Periodic Reporting for period 1 - MaX (MAterials design at the eXascale)
Berichtszeitraum: 2023-01-01 bis 2023-12-31
Objective I. Lighthouse applications
Selected community codes for quantum materials modelling, largely adopted by a broad body of end users and already working on pre-exascale systems, will be turned into lighthouse applications, ready to run on new HPC exascale platforms, while further developing their scientific capabilities. Codes have been ported to and enabled on new heterogeneous systems from multiple vendors and based on different architectures, and their scalability and performance will be enhanced by taking advantage of the hardware soon to be available.
Objective II. Exascale workflows and data
The evaluation of complex materials properties will be encoded in exascale-oriented workflows, allowing lighthouse applications to be driven automatically and orchestrated to exploit exascale capabilities, deliver resilience and fault tolerance, and ensure the dissemination of the entire simulation protocol, results, and data. These exascale workflows will tackle the complex logic, data movement, and possibly concurrent execution of multiple flagship codes, as needed by the targeted simulations.
Objective III. Addressing technical challenge
The technical challenges faced by the flagship codes at exascale are identified and addressed, to provide technology insight and solutions to the code developers. This will start from the analysis of performance to discover the bottlenecks and the direction for optimisation at scale. We will leverage on the exploitation of innovative features of programming models to help maximising the performance of novel architectures (from data vectorisation to the removal of communication synchronisation). The integration of programming solutions will allow codes to run efficiently on heterogeneous systems with different accelerators.
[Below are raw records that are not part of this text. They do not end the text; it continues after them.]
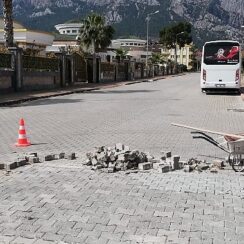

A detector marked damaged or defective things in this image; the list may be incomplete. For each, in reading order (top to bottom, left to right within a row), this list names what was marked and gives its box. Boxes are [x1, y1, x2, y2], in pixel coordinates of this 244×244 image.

pile of broken rubble [83, 143, 224, 173]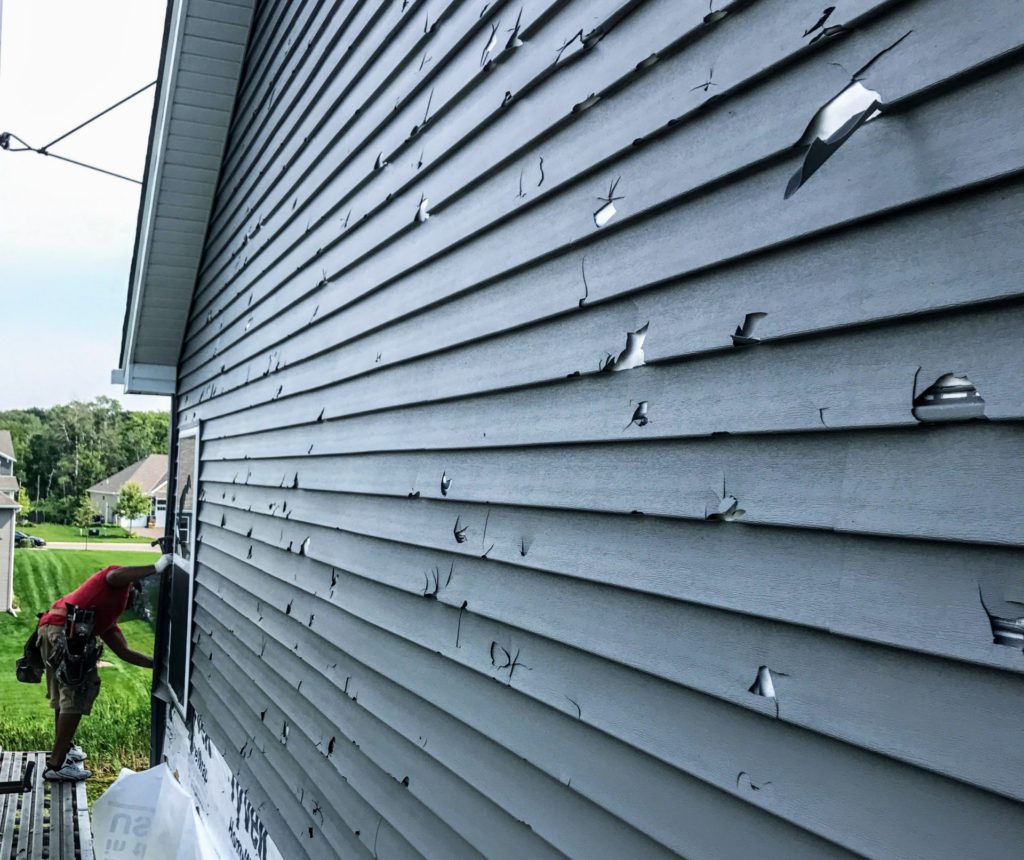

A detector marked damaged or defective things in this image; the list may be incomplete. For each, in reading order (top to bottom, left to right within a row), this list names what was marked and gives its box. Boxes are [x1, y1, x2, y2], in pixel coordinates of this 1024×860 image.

hail damage hole [508, 7, 524, 47]
hail damage hole [414, 193, 430, 222]
hail damage hole [592, 176, 624, 227]
hail damage hole [600, 324, 648, 372]
hail damage hole [732, 312, 764, 346]
hail damage hole [624, 402, 648, 430]
hail damage hole [912, 372, 984, 422]
hail damage hole [454, 512, 470, 540]
hail damage hole [976, 592, 1024, 652]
The interaction with runtime middleware will be taken into account, together with the I/O optimisation —or its replacement with run-time inter-process communications—down to the actual deployment of the codes onto EuroHPC machines.
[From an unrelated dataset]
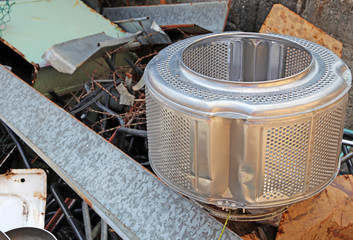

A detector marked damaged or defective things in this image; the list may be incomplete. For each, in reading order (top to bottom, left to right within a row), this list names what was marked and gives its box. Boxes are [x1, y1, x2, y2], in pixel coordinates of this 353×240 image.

rusty metal piece [258, 3, 340, 57]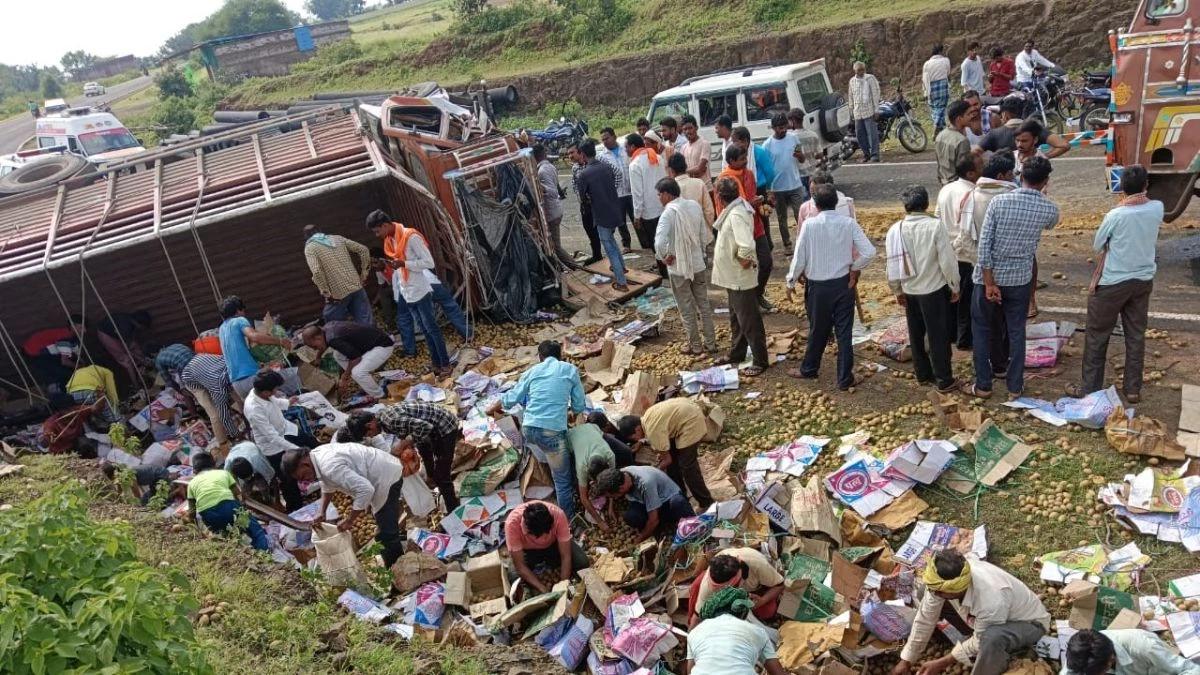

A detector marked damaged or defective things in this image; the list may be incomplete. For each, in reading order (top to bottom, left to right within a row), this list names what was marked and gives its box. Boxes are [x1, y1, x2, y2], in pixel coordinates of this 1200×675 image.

damaged truck cabin [0, 106, 564, 402]
overturned truck [0, 106, 568, 402]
Objective IV. Co-design and technology exploitation
HW and SW innovations are monitored and included in the MAX co-design cycle, while optimising the exploitation of heterogeneous architectures, and delivering a set of validated co-design vehicles and best practices to be shared with other HPC stakeholders. MaX co-design acts at different levels (chip, node, system) targeting HW relevant for the development of EuroHPC exascale machines. In addition to optimal performance, we will explore techniques to reduce energy to solution. The energy efficiency will be tackled from the hardware side, by deploying the codes on cutting edge processors and accelerators, and from the software side by using European energy aware runtime systems.
- DeviceXlib, MaX library for performance portability, was restructured and demonstrated on NVIDIA, AMD, and INTEL GPU-accelerated architectures, exploiting multiple programming models (CUDA-Fortran, OpenACC, and OpenMP-offload) and multiple accelerated libraries (cuSOLVER, ROCBlas, MKL-GPU).
- Besides NVIDIA GPUs, already supported in production releases, MAX codes were ported also on accelerated architectures based on AMD and INTEL GPUs.
- The parallel performance of all codes was benchmarked and targeted for improvement, with special emphasis on GPU-accelerated machines. A milestone single run on the 90% of the Leonardo machine (12000 A100 next GPUs, 3000 nodes) was achieved by the Yambo code (see figure).
Obj II. Key results year 1:
- A set of target scientific grand challenges to be addressed by means of MAX exascale workflows was identified, refined, and selected. The involved workflows have been rationalised and mapped to a few archetype workflow structures. Code interoperability requirements were identified.
- Technical tools aimed at workflow implementation, such as the AiiDA orchestrator and the HyperQueue meta-scheduler, were further developed and adapted. At the same time, more software tools aimed at encoding complex workflows were identified and field tested (including, e.g. ZeroMQ for socket management, bigDFT RemoteManager for task automation).
- Early execution of selected steps of the workflows provided a demonstration of the calculation feasibility and technical data to identify technical issues.
Obj III. Key results year 1:
- All MAX codes were benchmarked and profiled on Leonardo, using the JUBE software (the result of the design of an internal procedure). This data collection allows for wide scope performance analysis and scalability assessment of the MaX codes.
- Bottlenecks were identified and technical solutions based on advanced features and or programming models were attempted. An example is the use and assessment of GPUDirect communication on LUMI-G as exploited in the FFTXlib of Quantum ESPRESSO.
- A procedure for CI/CD of MAX codes on EuroHPC machines was designed jointly with CASTIEL. All technical requirements arisen so far were addressed.
Obj IV. Key results year 1:
- Relevant parts of each application to be optimised for the Rhea processor or EUPEX hardware have been identified and extracted as mini-apps from the MAX codes. Preliminary versions of the mini-apps have been made available and used for co-design.
Concerning FAIR data and storage, we implemented a mirroring mechanism that enables the data stored at CSCS to be also available from CINECA (and soon from the Julich HPC centre).
Deployment of MAX flagship codes on EuroHPC machines was achieved on all the adopted inequivalent technologies.